* _What you need to do_: Your task is to restate the listing word for word without the pictures.

* _Source data_:
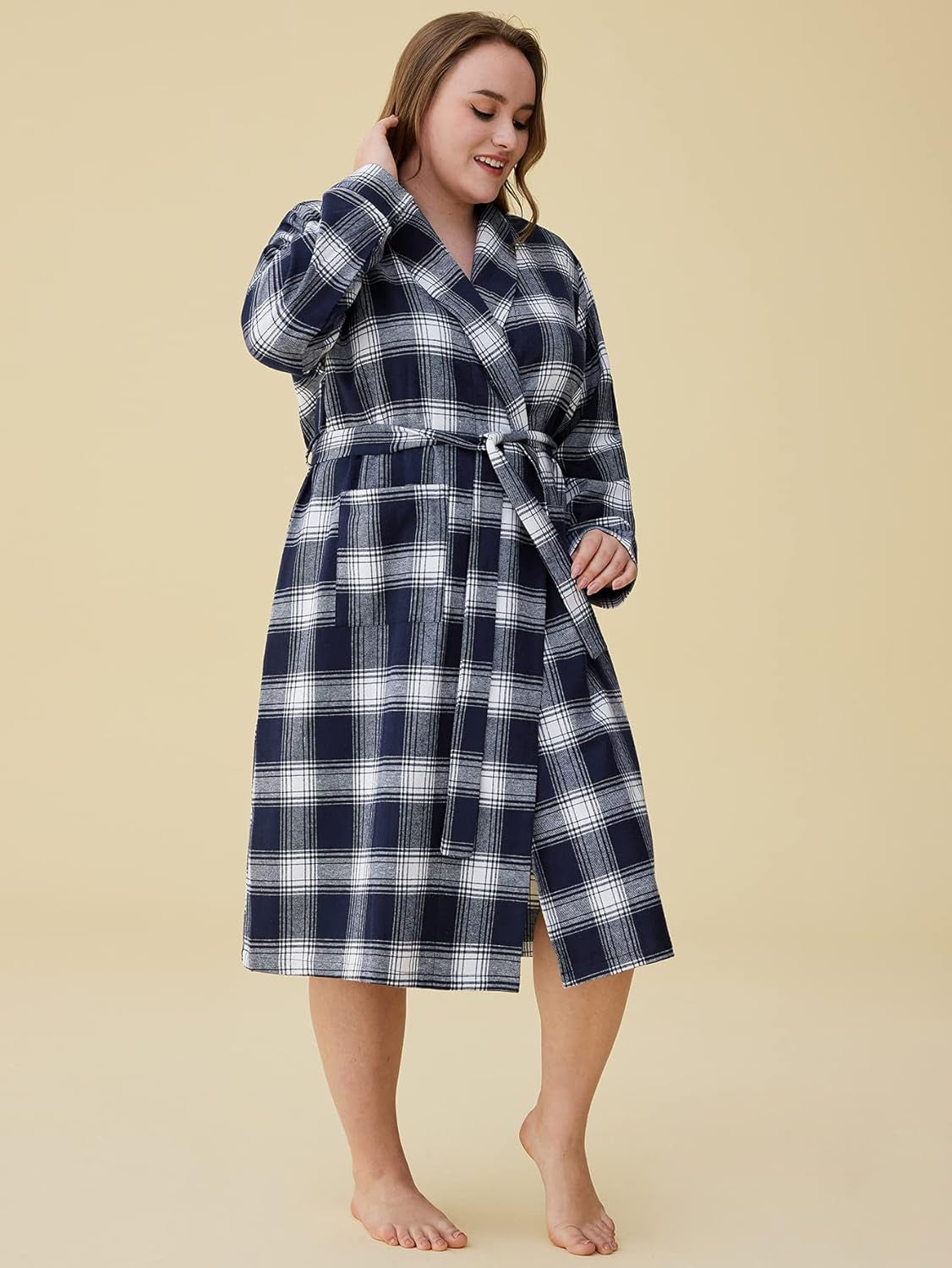 Women'S Cotton Flannel Robe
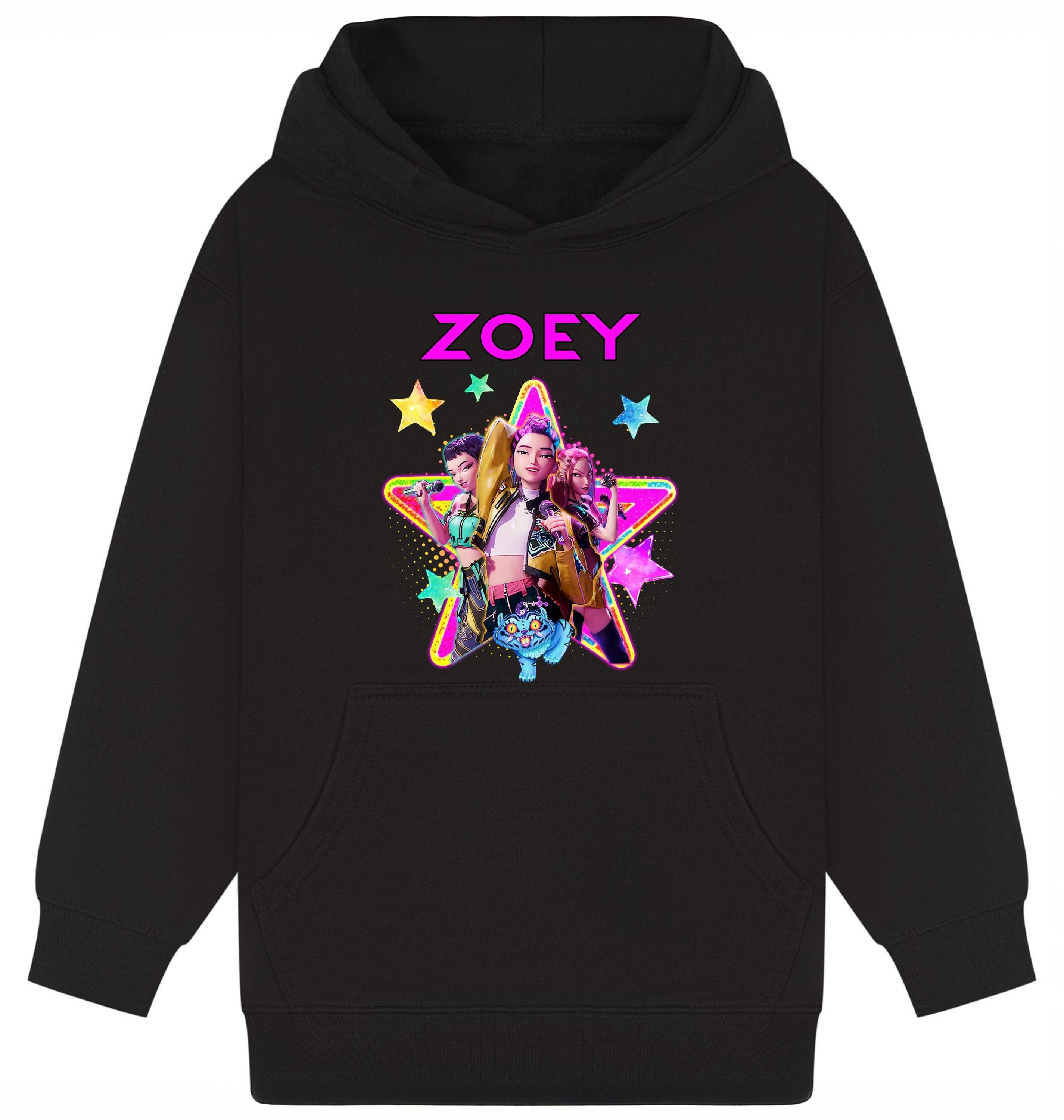 Personalised Huntrix K-Pop Demon Hunters Kids Hoodie | Custom Name Hood | Kpop Gift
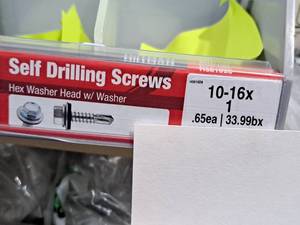 lot 1285 image: Lot of (200) Hillman Self Drilling Screws 10-16x1  Hex Washer Head w Washer #H561028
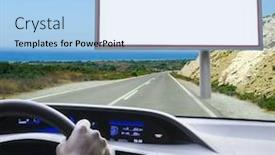  Presentation with blank - Colorful presentation design enhanced with blank billboard seen from a car backdrop and a light blue colored foreground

* _Problem solution_:
 Women'S Cotton Flannel Robe
 Personalised Huntrix K-Pop Demon Hunters Kids Hoodie | Custom Name Hood | Kpop Gift
 lot 1285 image: Lot of (200) Hillman Self Drilling Screws 10-16x1  Hex Washer Head w Washer #H561028
  Presentation with blank - Colorful presentation design enhanced with blank billboard seen from a car backdrop and a light blue colored foreground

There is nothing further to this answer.